There is no “best” product in absolute terms, only a product that is more or less suited to your own criteria. To make your choice, you can analyze the following points using an online comparison tool such as justETF.

Issuer, fund size and total fees (TER)

  • The issuer: Favor large, well-known asset managers (for example iShares, Invesco, WisdomTree) with long experience and a solid reputation.
  • Fund size (AUM): As mentioned, significant AUM is a good indicator of investor confidence and product liquidity. Target funds above €100 million.
  • TER (Total Expense Ratio): This is the most direct criterion for comparing costs. For physical silver, a competitive TER is generally below 0,40% per year.
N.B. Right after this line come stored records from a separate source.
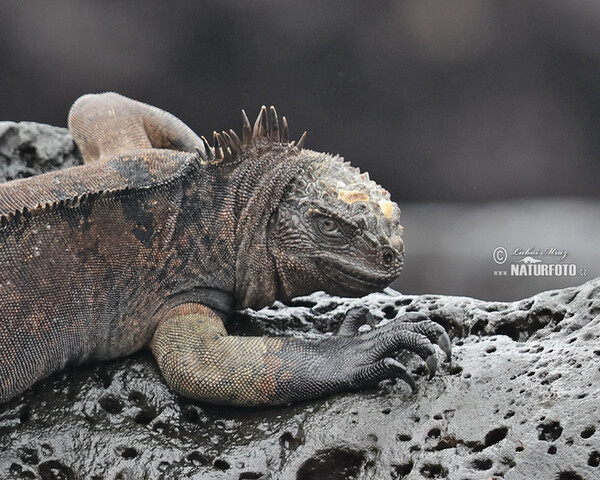 Galapagos Marine Iguana (Amblyrhynchus cristatus)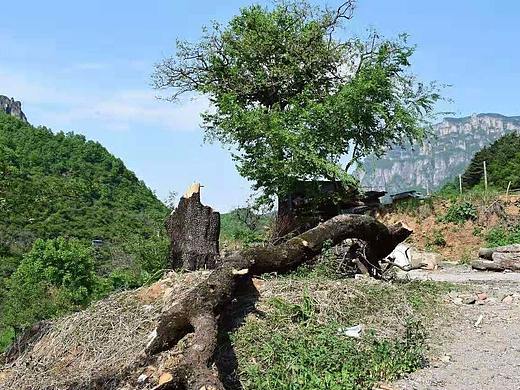 折斷的樹(shù)（個(gè)人主頁(yè)-ZMzczMzQ5ODQ=） - 風(fēng)光攝影 - 站酷設(shè)計(jì)師圓圓臉yyy原創(chuàng)素材 - 站酷ZCOOL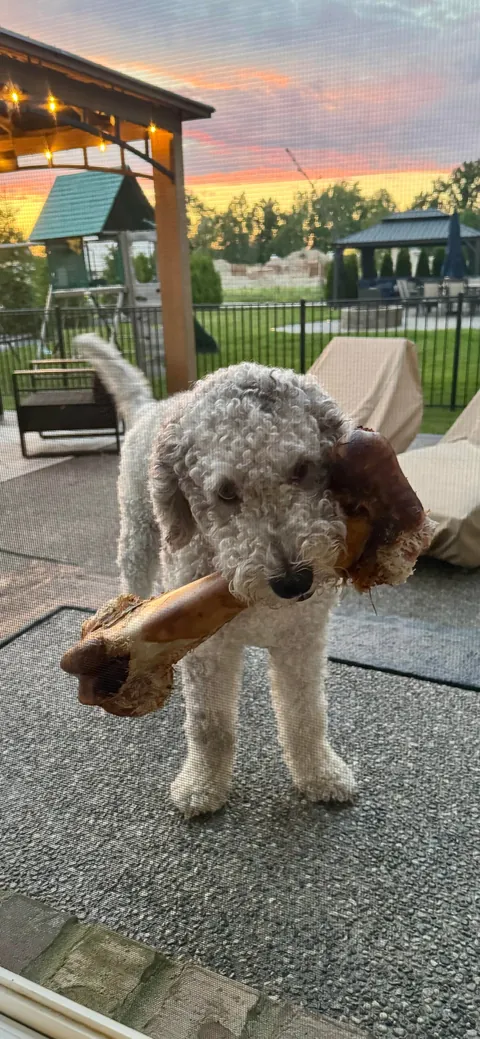 My wife is an ER nurse. If kids need an IV, she shows photos of our pup to calm them down. The 1st is their favorite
Currency risk and investment horizon

Ask yourself about the impact of the currency. Are you willing to accept the risk linked to EUR/USD fluctuations? If you have a long investment horizon, this risk tends to smooth out. If you are targeting the short term, an exchange-rate move can strongly impact your ETF returns (or rather ETC here).

Silver is a volatile asset

Historically, the price of silver is more volatile than that of gold. Its price is influenced both by investment demand (safe haven) and by industrial demand (electronics, solar panels). This investment carries a risk of capital loss and should be part of an overall diversification strategy.

Is the physical silver ETF eligible for the PEA?

The answer is simple and direct: no.

Commodity ETCs, whether physically backed or not, are not eligible for the Plan d'Épargne en Actions (PEA) (French equity savings plan). The rules of the PEA are strict and mainly reserve it for shares in European companies and certain funds.

To invest in a silver ETC, you will have to use a compte-titres ordinaire (CTO). The applicable taxation will then be the PFU (Prélèvement Forfaitaire Unique) at 30% on capital gains (12,8% tax and 17,2% social contributions), or taxation under the progressive scale if that option is more favorable for you.

Frequently asked questions (FAQ)

What is the best ETF for silver?

There isn’t a single “best” product. The choice depends on your priorities. To find the most suitable one, compare physically backed silver ETCs using objective criteria: the lowest management fees (TER), the highest assets under management, the lowest spread, and the issuer’s reputation.

What are the best ETFs on physical silver?

Once again, the search is really about ETCs. Among the best-known and largest products in Europe, you will often find those offered by issuers such as iShares (e.g., iShares Physical Silver ETC) or Invesco (e.g., Invesco Physical Silver ETC). It is recommended to use an online screener to compare them based on fees, size, and liquidity before making a decision.

Can I buy physical silver via ETFs?

No, not directly. A physically backed silver ETC gives you exposure to the price of the metal, and each share is secured by real silver stored in a vault. However, you do not become the owner of a specific bar and you generally cannot request physical delivery of the metal (except for extremely large amounts, depending on the prospectus terms). You are buying a financial security, not the metal itself.

Is a silver ETF as performant as physical silver?

The performance of a physically backed silver ETC will track the spot price of silver very closely, but it will systematically be slightly lower. The difference is explained by annual management fees (TER), which are deducted from the product’s performance. In addition, the purchase price of physical silver for an individual includes a premium that does not exist with an ETC. Over the long term, an ETC is often more performant than a physical purchase because of this premium and any potential storage fees.